▸ What you will do
In the material below, find the line with "Van'ın Özalp ilçesinde" and the line with "석화회 군식 도자기 분재 미니 합식 야생화 책상 화분 선물 피톤치드 편백 나무", then output both and every line between them exactly, omitting pictures.

[[ Supplied data open ]]

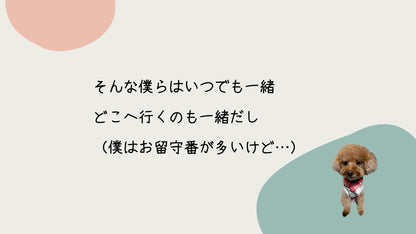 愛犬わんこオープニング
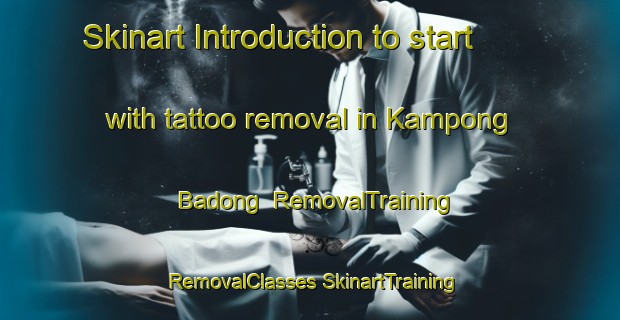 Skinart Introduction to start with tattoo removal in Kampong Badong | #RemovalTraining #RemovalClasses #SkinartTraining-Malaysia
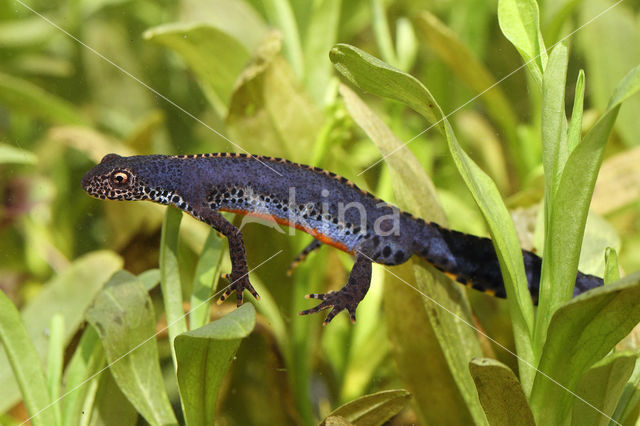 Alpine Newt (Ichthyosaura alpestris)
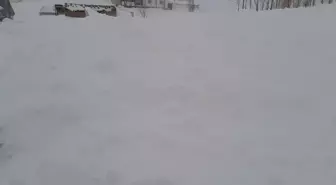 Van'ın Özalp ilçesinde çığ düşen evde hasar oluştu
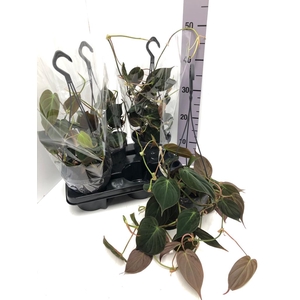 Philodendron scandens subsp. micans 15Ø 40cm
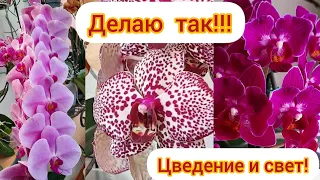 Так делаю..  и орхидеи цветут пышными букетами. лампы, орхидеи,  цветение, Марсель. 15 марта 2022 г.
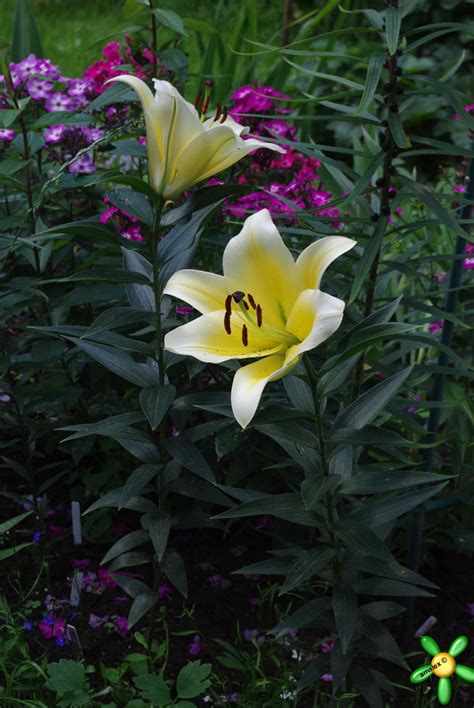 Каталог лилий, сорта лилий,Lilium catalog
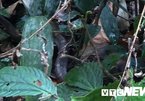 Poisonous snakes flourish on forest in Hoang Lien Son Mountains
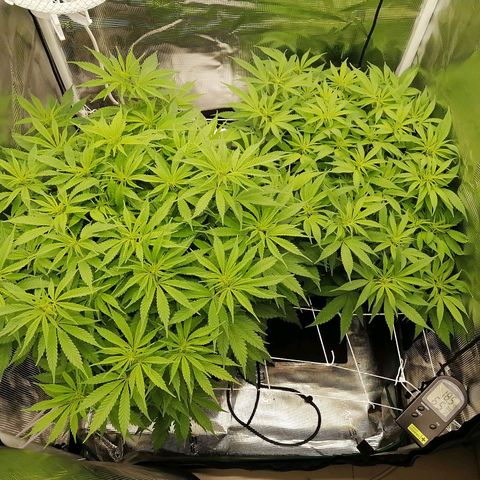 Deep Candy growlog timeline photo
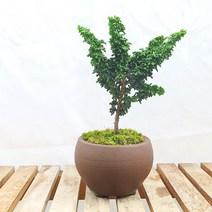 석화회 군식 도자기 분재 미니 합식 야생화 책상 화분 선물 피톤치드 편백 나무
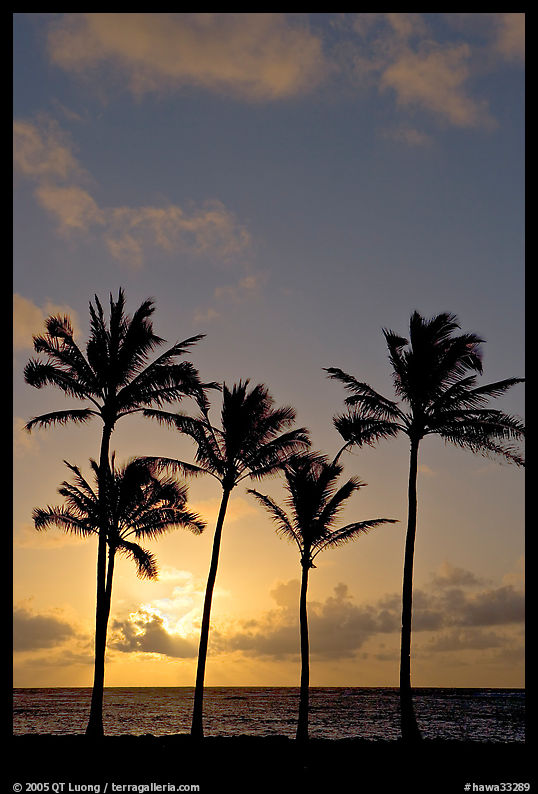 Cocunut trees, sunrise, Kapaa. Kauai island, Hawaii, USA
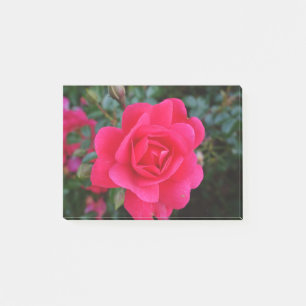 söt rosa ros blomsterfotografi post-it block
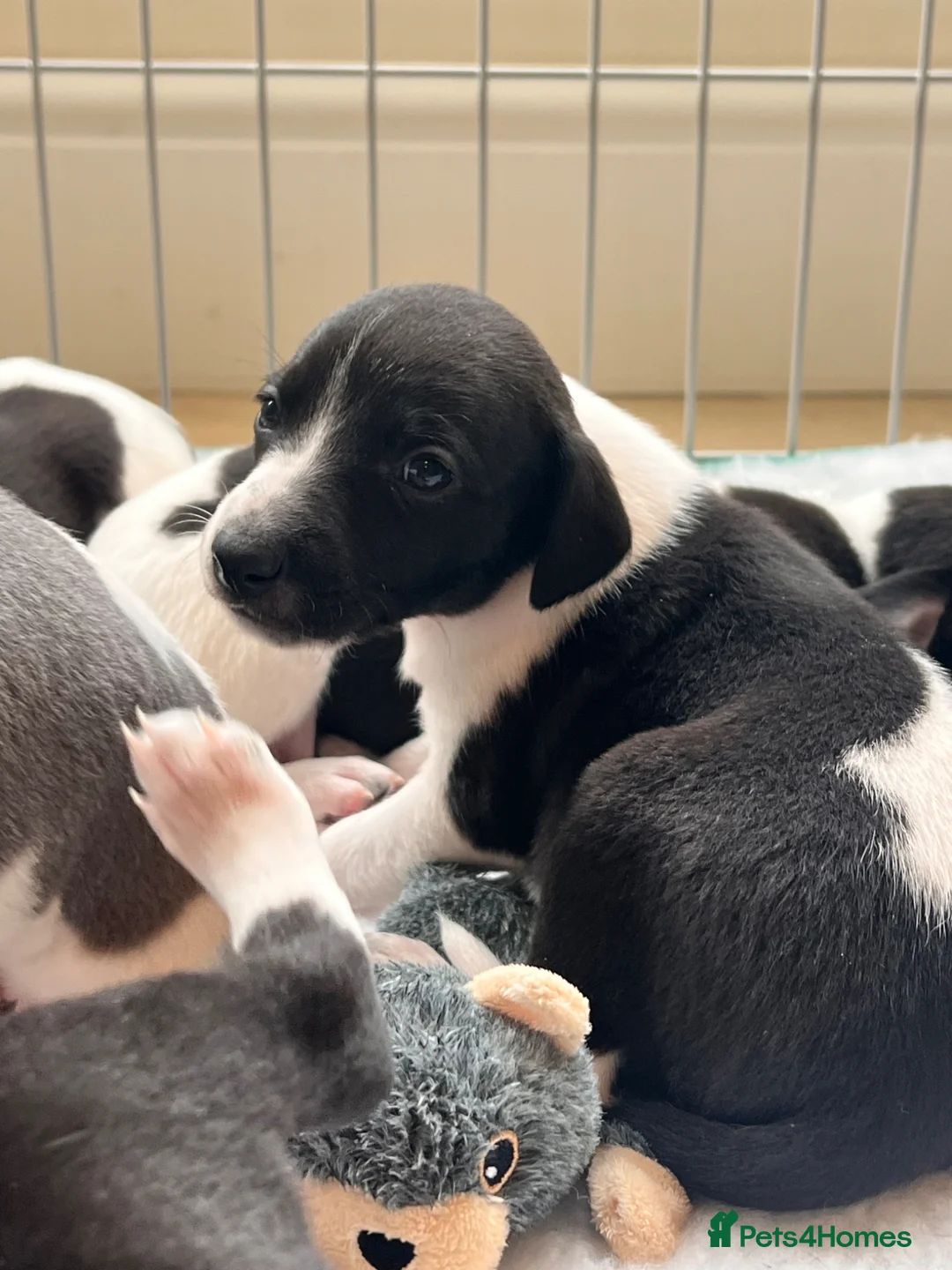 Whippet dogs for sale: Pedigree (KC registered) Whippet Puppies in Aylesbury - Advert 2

[[ Supplied data closed ]]
[[ Supplied data open ]]

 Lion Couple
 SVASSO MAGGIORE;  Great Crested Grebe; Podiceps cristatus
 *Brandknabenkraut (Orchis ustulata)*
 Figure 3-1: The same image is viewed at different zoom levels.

[[ Supplied data closed ]]
[[ Supplied data open ]]

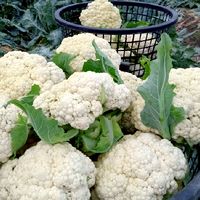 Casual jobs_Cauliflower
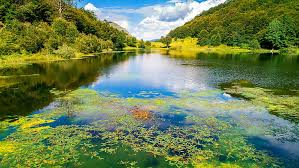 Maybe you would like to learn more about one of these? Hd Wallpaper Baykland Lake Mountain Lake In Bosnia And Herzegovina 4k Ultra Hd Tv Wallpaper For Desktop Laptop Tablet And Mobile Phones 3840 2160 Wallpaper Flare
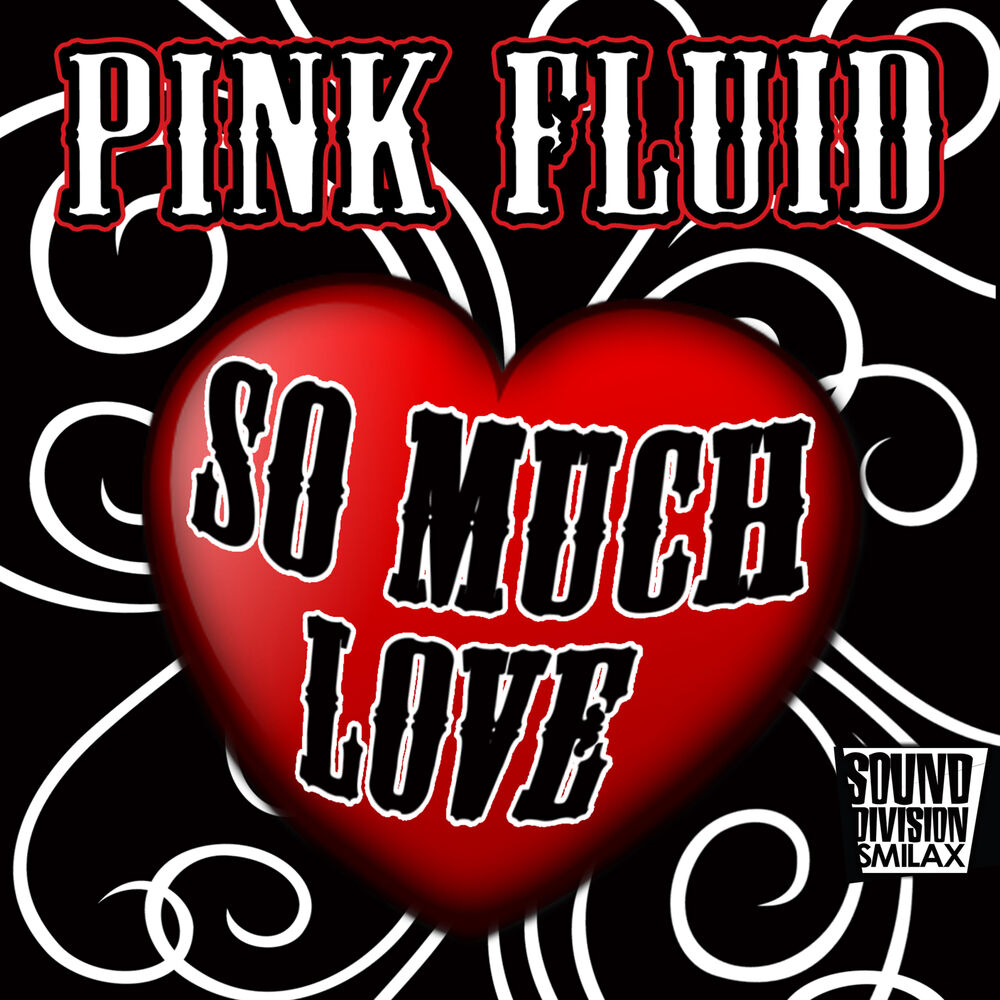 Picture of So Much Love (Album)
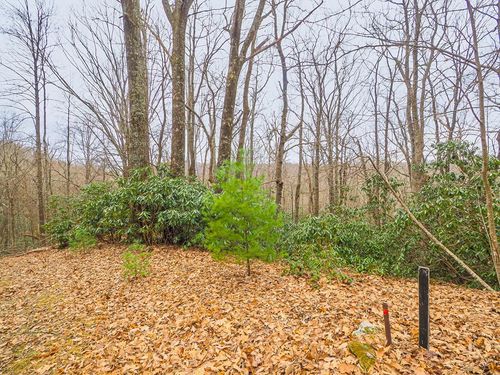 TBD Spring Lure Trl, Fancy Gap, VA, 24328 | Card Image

[[ Supplied data closed ]]

▸ Solved exercise
 Van'ın Özalp ilçesinde çığ düşen evde hasar oluştu
 Philodendron scandens subsp. micans 15Ø 40cm
 Так делаю..  и орхидеи цветут пышными букетами. лампы, орхидеи,  цветение, Марсель. 15 марта 2022 г.
 Каталог лилий, сорта лилий,Lilium catalog
 Poisonous snakes flourish on forest in Hoang Lien Son Mountains
 Deep Candy growlog timeline photo
 석화회 군식 도자기 분재 미니 합식 야생화 책상 화분 선물 피톤치드 편백 나무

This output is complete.